Actually, if the thing were worked out on a realistic appraisal of the American position in Asian eyes, it could do an enormously important job, unhampered by red tape.

Wonder if this letter helped get Kerr in any trouble with the government... 

*All you had to do was look in the index of the book you just bought, Jon... 🙄


Friday, August 09, 2024

Review of A World of Turmoil published

My review of Stephen J. Hartnett's book, A World of Turmoil: The United States, China, and Taiwan in the Long Cold War, is out in the latest issue of Rhetoric & Public Affairs. (Although the issue is dated Fall, 2023, it was published almost a year later!)

While I had a few problems with Hartnett's conclusions and recommendations, I found the book to be a valuable overview of the roles of communication and rhetoric in the history of US-China-Taiwan relations from a Taiwan-sympathetic rhetoric scholar.

Saturday, July 13, 2024

Two new books in the former native speaker's library

Got back from a short trip to find these two books that I ordered from 博客來 books:

The latter is in both English and Chinese, so I'll probably be reading that first.
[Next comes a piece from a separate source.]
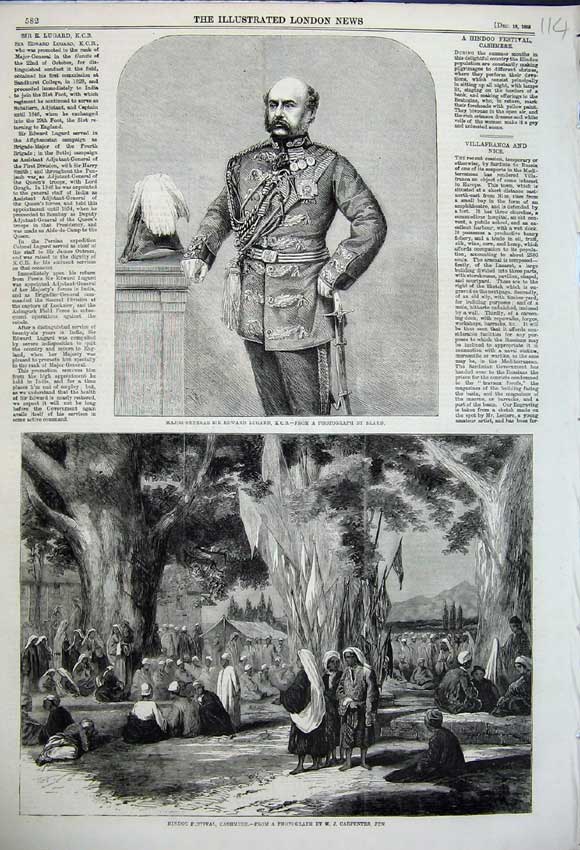 Old Antique Print 1858 Major Edward Lugard Hindoo Festival Cashmere Art 19th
But before that, I have a lot of work to catch up on...

Saturday, April 27, 2024

A new (old) book in the former native speaker's library

I got back last Saturday from Yokohama, where I had a great experience talking to a small but very interested audience about George H. Kerr, his process(es) of writing what eventually became Formosa Betrayed, how Taiwanese students at Kansas State University used Kerr's book in their "battle of the pens" with pro-KMT students, and the translations of the book into Chinese. (Some of this is discussed in my 2014 conference paper, "Formosa Translated.") 

While I was there, I also got a chance to talk with my friends Su Yao-tsung, Hidekazu Sensui, and Yukari Yoshihara about a project we're working on related to Kerr. (More details forthcoming.) I also had a lot of conversations with Su about Kerr, the writing of Formosa Betrayed and his other works, the February 28 Incident, the Taiwan independence movement in Japan and the United States, and the Cold War context of Kerr's teaching and writing about Taiwan. 

He also suggested a topic that I might work on researching related to that last point, so I decided to look up some books written about Taiwan during the 1950s. I just got one of them in the mail, Geraldine Fitch's (infamous) Formosa Beachhead (which is also available online). 


Fitch, who died in 1976 at the age of 84, was described in the New York Times obituary as "a consultant editor to The Free China Review and other English‐language publications in Taipei, Taiwan." 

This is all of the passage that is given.